## Iris Dataset - Classifying Flowers

### A study of univariate and bivariate analysis between features of flowers
You may think that this project primarily focusses on classifying flower data based on its features. However, in this project, it is less focussed on that. We are going to do exploration and data analysis, within features themselves. Particularly, bivariate analysis. 

In this bivariate analysis, we are using what we have learnt in secondary school, $y = mx + c$, to estimate y values from x values. Here, the y values refer to the dependent variable, or any variable we want. And x values are independent variable. We choose y = petal length, and x = petal width.

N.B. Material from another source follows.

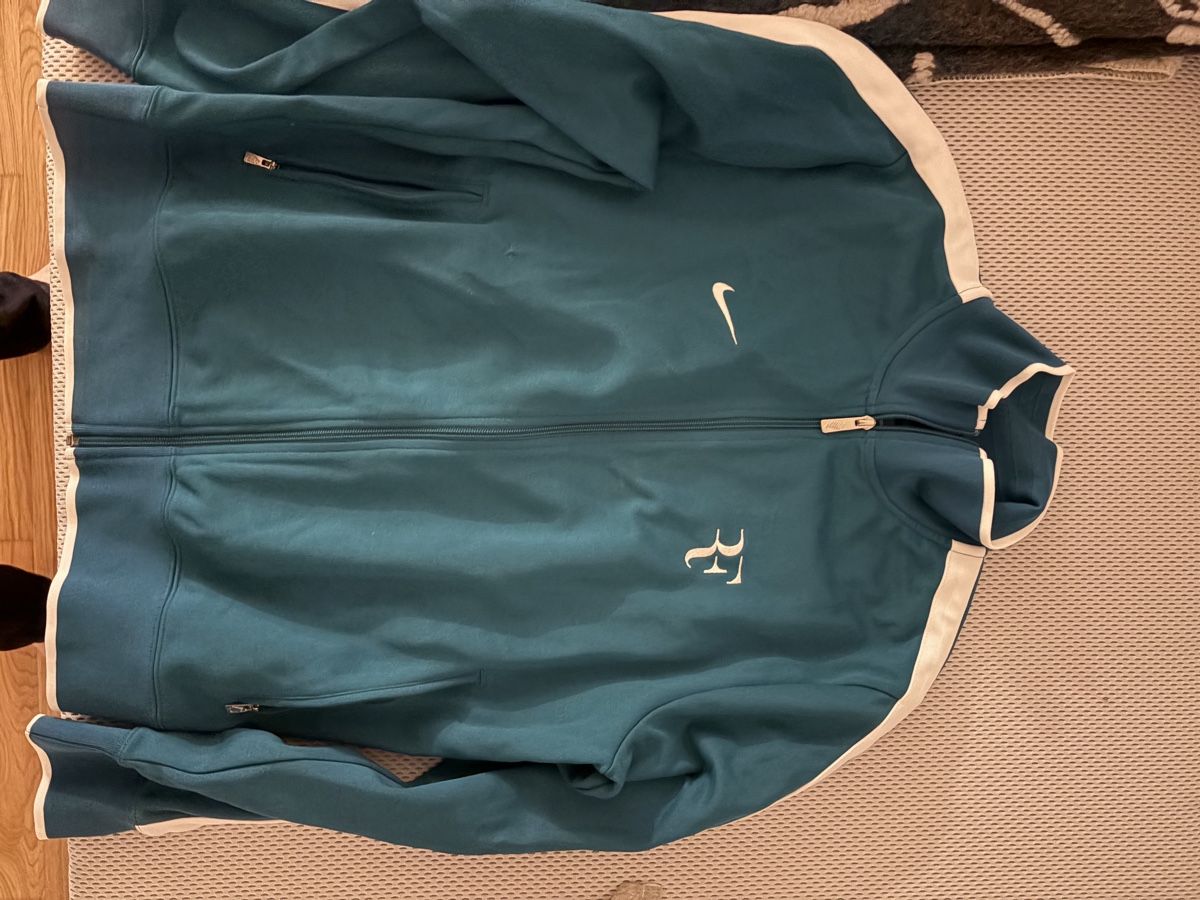 Nike Vestes: Nike Roger Federer Zipup, Size L – D'occasion à Zürich par jer_92rr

This project covers the following concepts:
- Linear regression with a step-by-step implementation
- Polynomial regression
- Logistic regression and its implementation
- Softmax regression

### Importing requirements

In [None]:
import numpy as np
from sklearn import datasets
import seaborn as sns
%matplotlib inline
import matplotlib.pyplot as plt

In [None]:
sns.set(style='whitegrid', context='notebook')

### Loading the Iris Dataset

In [None]:
iris2 = sns.load_dataset('iris')

In [None]:
iris2.head()

It is time to start with the simplest, but still useful abstraction for our data - a linear regression function. In linear regression, we try to find a linear equation that minimises the distance between the data points and the modeled line. The model function takes the following form:

$$y_{i} = \beta x_{i} + \alpha + \epsilon_{i}$$

where:
- $\alpha$ is the intercept,
- $\beta$ is the slope of the modeled line
- $x$ is the independent variable
- $y$ is the dependent variable
- $\epsilon_{i}$ variable is an interesting one. It is the error distance from the sample $i$, to the regressed line.

![image.png](attachment:image.png)

The set of all those distances, calculated in the cost function, will give us the values of the unknown parameters that will minimise the cost. 

### Determination of the cost function
We are using method of least squares.

$$ J(\beta_{0}, \beta_{1}) = \sum \limits_{i = 0}^{n} (y_{i} - \beta_{0} - \beta_{1} x_{i}) ^{2}$$

Least squares function for a linear equation, using the standard variables $\beta_{0}$ and $\beta_{1}$, which are used in the next sections.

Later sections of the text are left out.